Researchers from the Center for AI Safety and Scale AI have unveiled “Humanity’s Last Exam,” which they assert is the most challenging test ever created for artificial intelligence systems. According to reporting by The New York Times, the test consists of approximately 3,000 multiple-choice and short-answer questions spanning fields from analytic philosophy to rocket engineering.
Dan Hendrycks, director of the Center for AI Safety, developed the test in collaboration with Scale AI, where he serves as an advisor. The questions were contributed by field experts, including university professors and accomplished mathematicians, who were compensated between $500 and $5,000 per accepted question.
The evaluation process involved a two-step filtering system. First, questions were tested against leading AI models. Those that stumped the AI systems were then reviewed and refined by human experts who verified the correct answers.
Current AI models have performed poorly on the test, with OpenAI’s o1 system achieving the highest score at just 8.3 percent. Other tested systems included Google’s Gemini 1.5 Pro and Anthropic’s Claude 3.5 Sonnet.
Hendrycks predicts rapid improvement, suggesting that AI systems might exceed 50 percent accuracy by the end of 2025. At such levels, he believes AI systems could become “world-class oracles,” potentially surpassing human experts across various disciplines.
The test’s development was partly inspired by a conversation between Hendrycks and Elon Musk, who criticized existing AI evaluations as too simple.
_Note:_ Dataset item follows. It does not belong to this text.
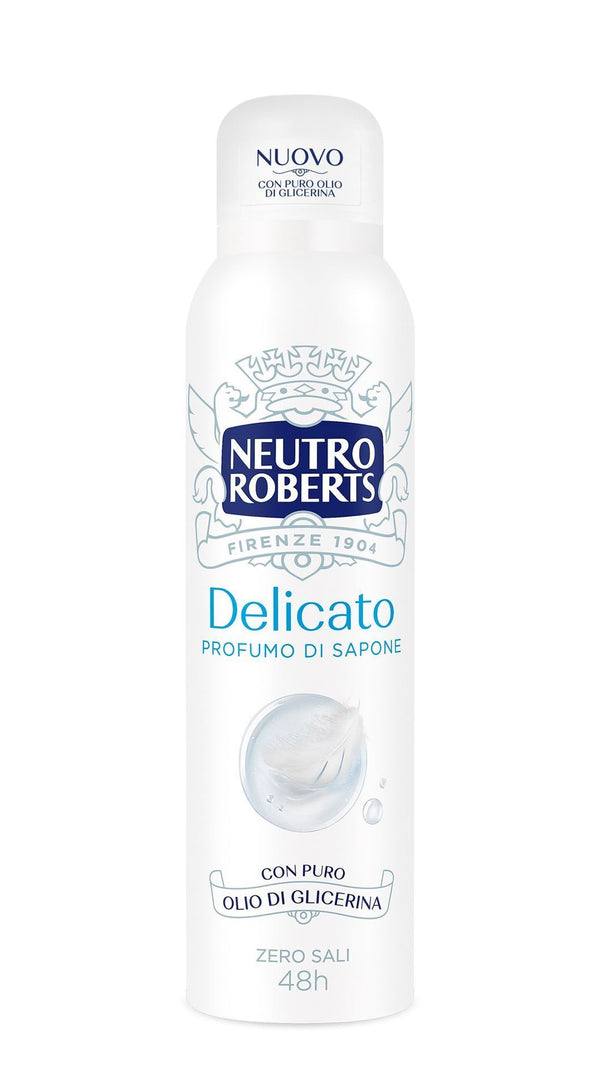 Neutro Roberts Deodorant Delicato Extra Protection Spray 150 ml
This new examination aims to provide a comprehensive assessment of AI capabilities across academic disciplines, effectively measuring general intelligence.
Summer Yue, Scale AI’s director of research, suggests future versions might include questions without known answers, allowing AI systems to contribute to new discoveries in mathematics and science.
The test highlights a peculiar aspect of current AI development: while systems excel at complex tasks like disease diagnosis and competitive programming, they often struggle with basic functions such as simple arithmetic. This inconsistency has made it challenging to accurately measure AI progress.
Kevin Zhou, a theoretical particle physics researcher who contributed to the test, emphasizes that excelling at exam questions doesn’t necessarily translate to real-world research capabilities, noting the significant difference between test-taking and actual scientific practice.